Award-winning author Sylvain Neuvel explores an immigration dystopia in The Test.
Britain, the not-too-distant future.
Idir is sitting the British Citizenship Test.
He wants his family to belong.
Twenty-five questions to determine their fate. Twenty-five chances to impress.
When the test takes an unexpected and tragic turn, Idir is handed the power of life and death.
How do you value a life when all you have is multiple choice?
In an isolated college town in the hills of Southern California, a freshman girl stumbles into her dorm room, falls asleep—and doesn’t wake up. She sleeps through the morning, into the evening. Her roommate, Mei, cannot rouse her. Neither can the paramedics who carry her away, nor the perplexed doctors at the hospital. Then a second girl falls asleep, and then another, and panic takes hold of the college and spreads to the town. As the number of cases multiplies, classes are canceled, and stores begin to run out of supplies. A quarantine is established. The National Guard is summoned.
The residents of a sleepy mountain town are rocked by troubling visions of an alternate reality in this dazzling debut that combines the family-driven suspense of Celeste Ng’s Little Fires Everywhere with the inventive storytelling of The Immortalists.
In the quiet haven of Clearing, Oregon, four neighbors find their lives upended when they begin to see themselves in parallel realities.

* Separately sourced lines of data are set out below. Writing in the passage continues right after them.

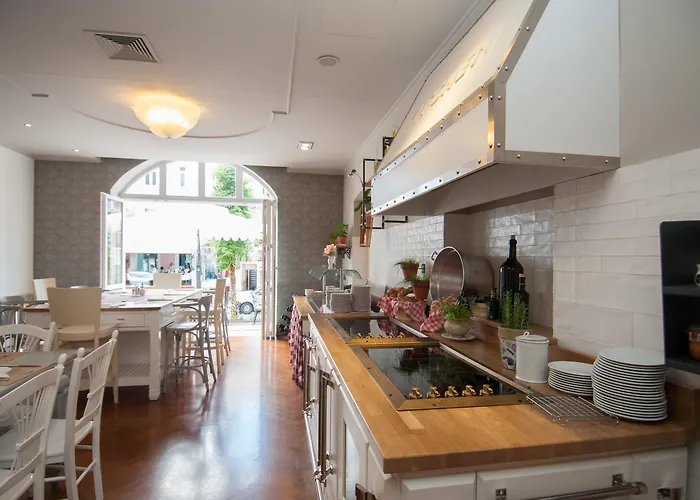 Amadria Park Agava Hotel Opatija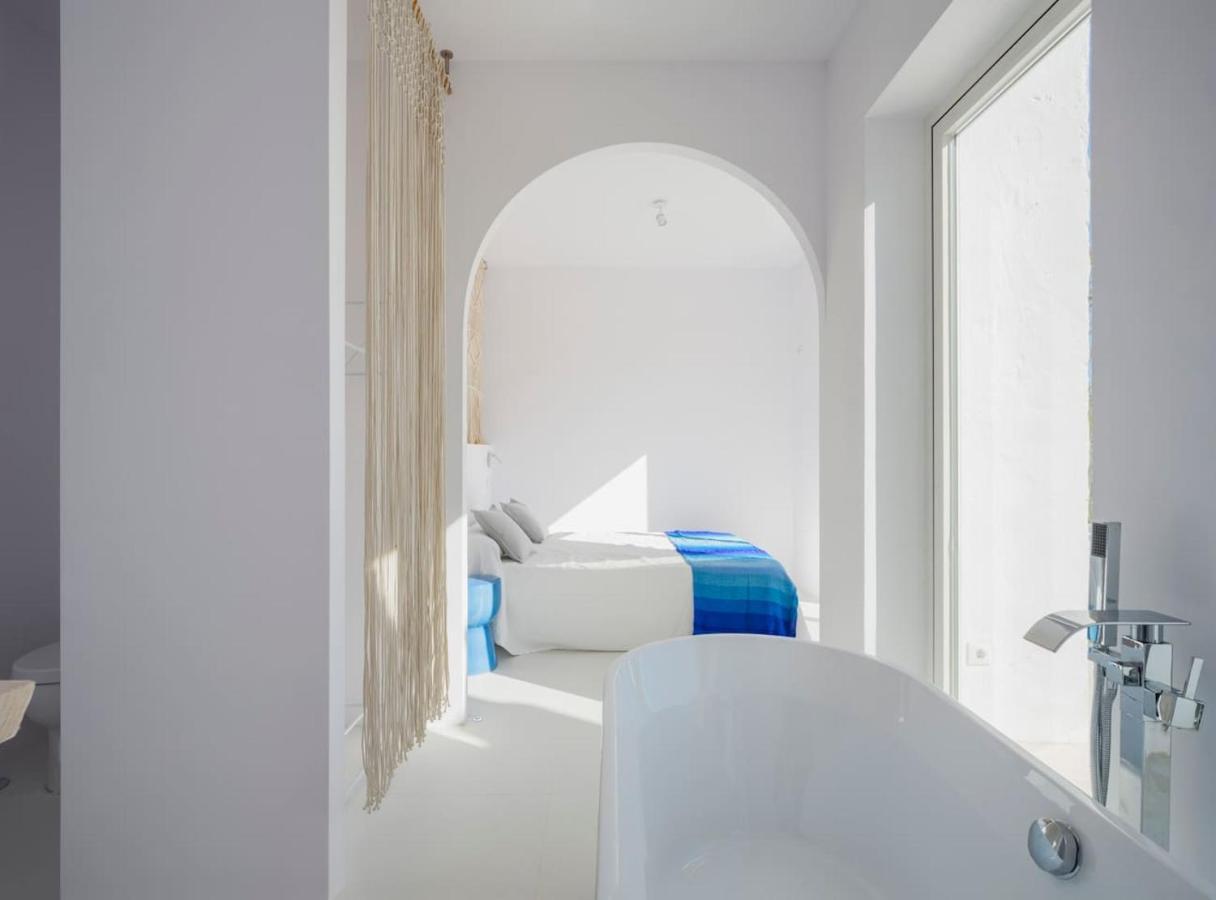 Casa Blu Marbella Villa Екстериор снимка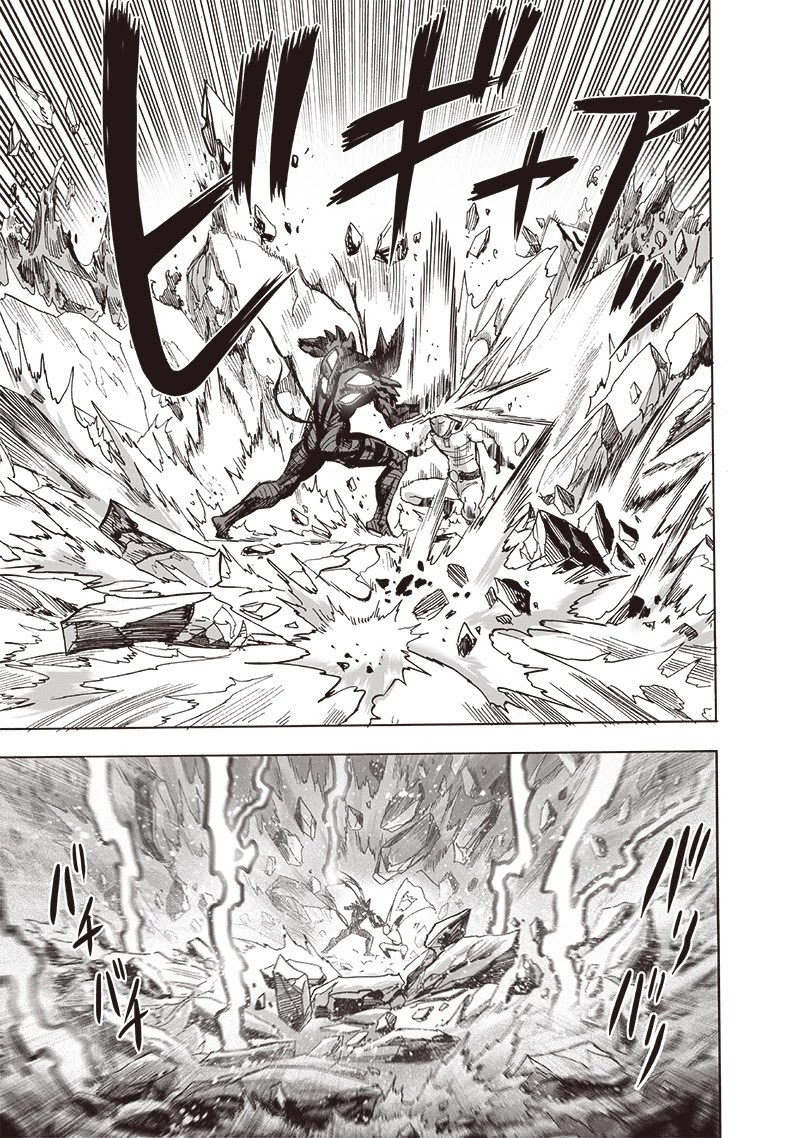 One-Punch Man Chapter 162 - Page 13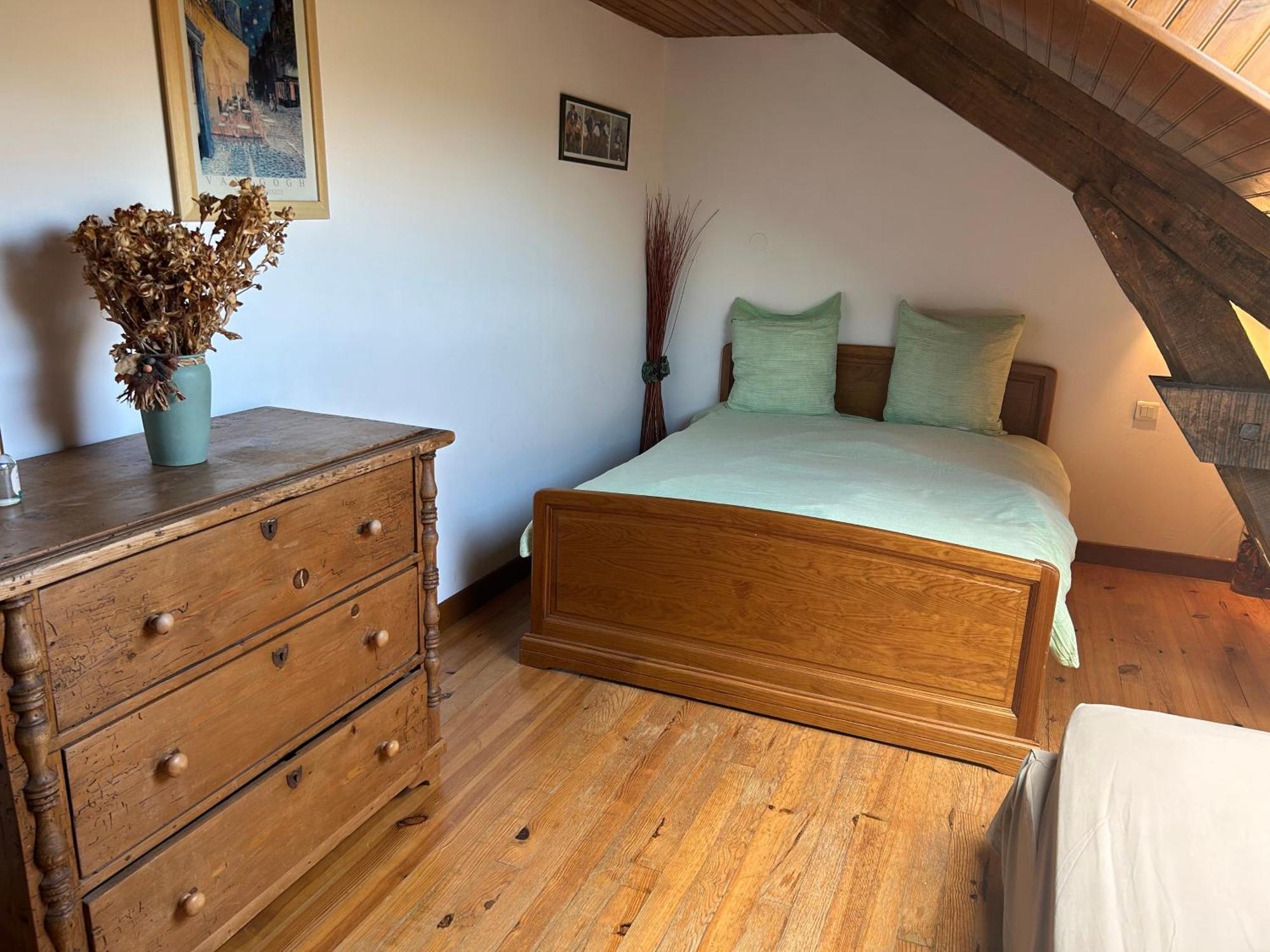 Maison Dream In ماركياس المظهر الخارجي الصورة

At first the visions are relatively benign, but they grow increasingly disturbing—and, in some cases, frightening. When a natural disaster threatens Clearing, it becomes obvious that the visions were not what they first seemed and that the town will never be the same.
14. Devolution, by Max Brooks (Due May 2020)
Max Brooks is the author of World War Z, probably the only zombie novel I’ve ever enjoyed. It was absolutely incredible and had me looking over my shoulder for days to make sure there wasn’t anything coming for me. It was that realistic.
I’m looking forward to being equally terrified by Devolution, which comes out in May next year. He appears to be using the same sort of format as World War Z (‘eyewitness’ accounts), but this time is tackling the legend of Bigfoot.
As the ash and chaos from Mount Rainier’s eruption swirled and finally settled, the story of the Greenloop massacre has passed unnoticed, unexamined . . . until now.
But the journals of resident Kate Holland, recovered from the town’s bloody wreckage, capture a tale too harrowing—and too earth-shattering in its implications—to be forgotten.
Because if what Kate Holland saw in those days is real, then we must accept the impossible. We must accept that the creature known as Bigfoot walks among us—and that it is a beast of terrible strength and ferocity.
Part survival narrative, part bloody horror tale, part scientific journey into the boundaries between truth and fiction, this is a Bigfoot story as only Max Brooks could chronicle it—and like none you’ve ever read before.